The assistant director and I have bonded in one of those soul deep ways that transcends who we are on the outside. We love our old guys. She likes to tell me that on her worst day, coming to work always makes her feel better- that they give more to her than she does to them...but I don't know about that.

Once she and the director drove Pearl all the way to the beach...five hours away, and stayed in a hotel, just because blind Pearl had never "seen" the ocean. That picture is taped to the side of the assistant A.D's file cabinet.

Last month, when we lost so many, the Assistant A.D had to give their eulogies at the memorial service. The hospice chaplain was late and as it so often does, the job fell to Benny.

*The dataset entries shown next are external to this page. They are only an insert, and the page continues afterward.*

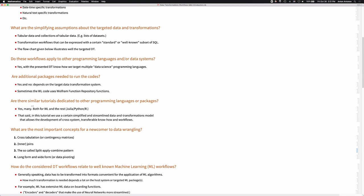Although we're doing this tutorial with Wolfram Language, the know-how and the workflows should be applicable to any other system you have in mind, be that SQL, Julia, Python, or something like that. Many of these systems, like Julia and Python, have at least three different packages for dealing with data transformations. They take slightly different perspectives on what we're going to be discussing, but they all share certain common workflows.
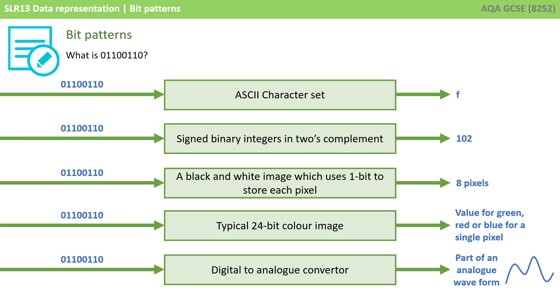And if this was passed through a digital to analog converter, then this pattern of bits would represent part of an analog waveform that was coming out of a speaker. The point here is that there is no way of knowing what a particular pattern of bits actually represents until you know how to interpret that data.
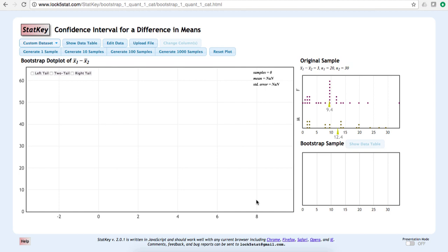This would give us a total of 20 data points for the males, because in the original sample we had 20 male participants. We would do the same thing for females, a total of 30 times.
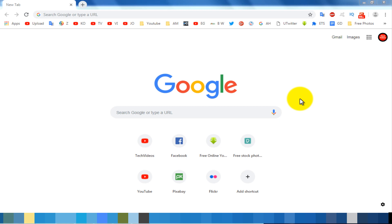Hello viewers, welcome to our channel Tech Videos. In this video we are sharing with you how to activate dark mode on Google Chrome web browser. So keep watching till the end and stay with us.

I had slipped into the room, filled with residents and family...but oddly enough, not staff. Benny's eyes met mine. In front of everyone she said, "I don't know if I can do this y'all, but I'm gonna try."

I have never heard anyone so eloquently capture the essential spirit of a human being like Benny does.

Last week Benny sat in her office, crying with me. She was mad at the staff for overlooking her partner, the Activity Director. "She's done so much for them, and now, when she needs them, they can't even get up off their asses to sign a damned card!"

And then she cried for "Papa Franks." "I don't know if I can let myself get that close to anyone again. He was like my father, Nancy. He was!"

But we are too alike, me and Benny. We will look into a resident's eyes and take them into our hearts without a second thought about the cost later- when we lose them. I tell her this. I tell her we have been given such a gift to have these old guys in our lives and that there is never a guarantee, with anyone we love, that they will be around tomorrow. "We will all die," I tell her.

But I don't tell her that when I go, I hope she does the eulogy.

5/02/2007

Life in Miniature at the K & W Cafeteria

The Eldest Unnamed One is drunk on being 18, in love and his impending high school graduation. He is brash and goofy, a know-it-all and a kid again...and it is only Tuesday.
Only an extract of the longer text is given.